At the earliest opportunity Jackson signed on under the old apprenticeship scheme with the Evening Post in Wellington. With its strong sports emphasis the Evening Post was also to present Jackson with plenty of opportunity for his own sporting passions. He continued to play rugby actively well into his 50s. Later still, he would turn out on the field for any cricket team that called him.

This was the epoch of the high water mark of horse racing which was a huge feature in the daily press of this time and which spawned numerous specialist periodicals. With his nimble mind and his ability with permutations and combinations Jackson was to make his mark in what was also a compelling pastime.

Seeking wider fields he transferred to Australia where he further honed his craft skills in all aspects of reporting. Returning to New Zealand, Jackson sought further challenges and he proceeded now to chance his arm in the more entrepreneurial aspects of journalism and publishing. The results were mixed.

It was now though that the defining opportunity of his career was to present itself in the form of IT journalism.
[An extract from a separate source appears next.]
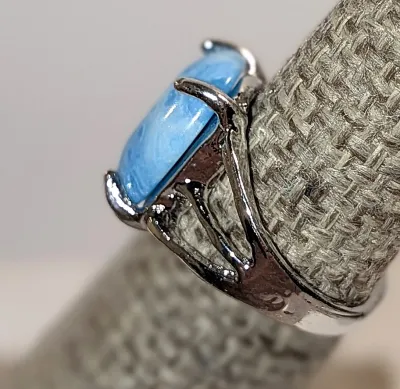 **NEW ARRIVAL** Size 5½ BLUE & WHITE "Speckled" Oval Cabochon 4-Prong Stone RING with a 3-Line Band in a Silver Tone (3.0g)
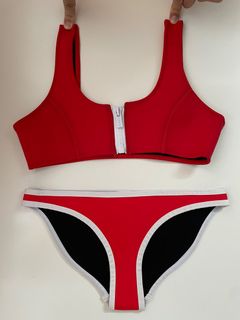 (Category: ) located in . Submitted by thriftingzerowaste (Listing ID 1326947241, Image 1). Description: .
He signed on with Computerworld which in several forms and under several proprietors was to remain his journalistic mother ship.

He became the signature IT journalist of the era bringing to this specialist sector the skills he had acquired as a general reporter, and, as it turned out, a racing reporter as well. He was on top of every major IT story from INCIS to Novopay.
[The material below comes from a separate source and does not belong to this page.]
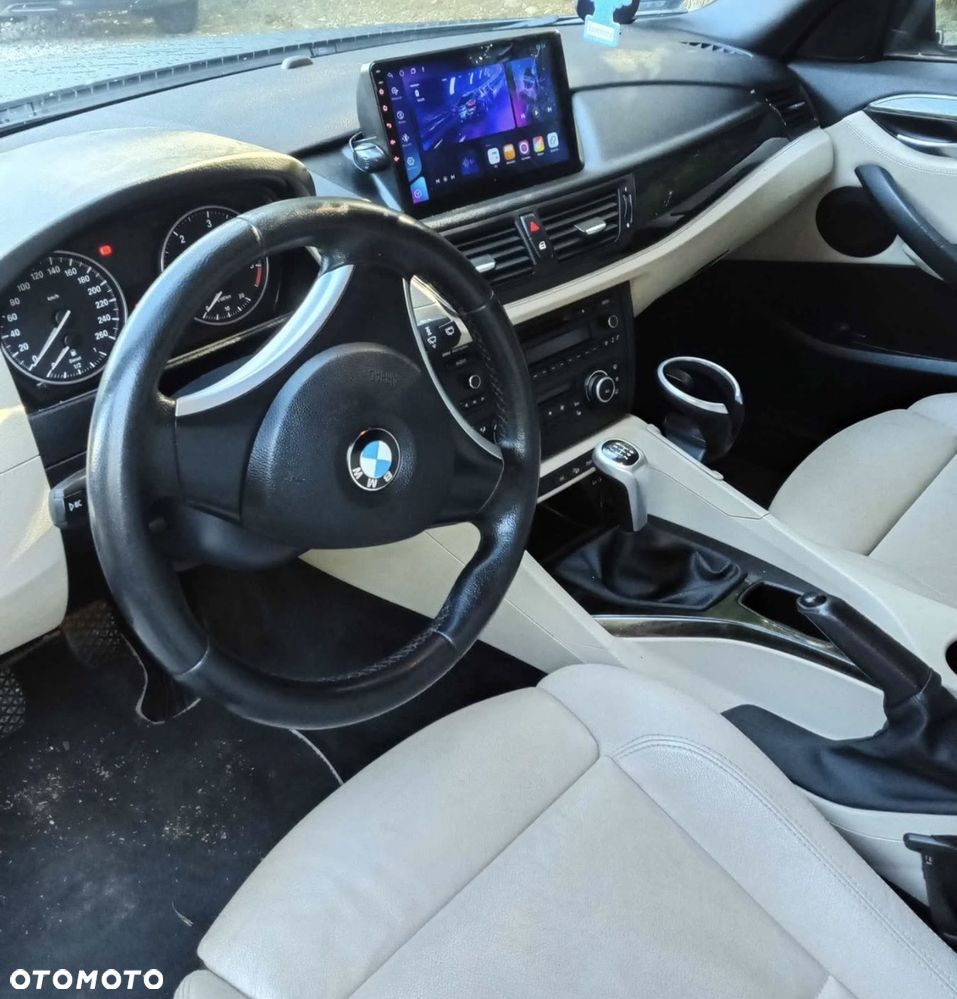 BMW X1 xDrive20d - 8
He saw these and other such sagas in terms of track and turf. The IT implementations so often looked winners, paraded on the field as winners. But somehow once the starting gate was up so many with their jockeys and trainers revealed themselves as money-guzzling nags requiring immense additional infusion from the punter-taxpayers in order to eventually flog across the finishing line.

Jackson's full ability as a journalist flowered too under the editorship of Don Hill on CIO a glossy full colour magazine in the Computerworld stable. It was here that Jackson was able to give full rein to his grasp of technology in relation to social and commercial imperatives.

An unreconstructed fellow, Jackson's preferred place of business in later years was the smokers' balcony of Wellington's D4 Irish Bar the natural confluence of those who make the news and those who report it. By now a storied figure himself, there he would sit at the same corner table and on the same seat, looking out over his beat on Featherston Street.

He was thus a fixed point in the shifting sands of the capital's information business. People would come and go all day long, Jackson listening impassively, venturing an opinion or comment here and there.

Many assumed that Jackson's shunning of things like Facebook, Twitter, and LinkedIn meant that in a practical sense he was not technical. The truth was that he needed to deal with people directly, in person. He savoured the nuance of the personal encounter and what it revealed.

He was under full power until just a few days before his death. He will be remembered for his diligence, precision, generosity of spirit and for his sustained ability to listen to someone for a long period of time without any interruption at all.

He never wanted to get in the way of a story.

He is survived by a daughter and a son.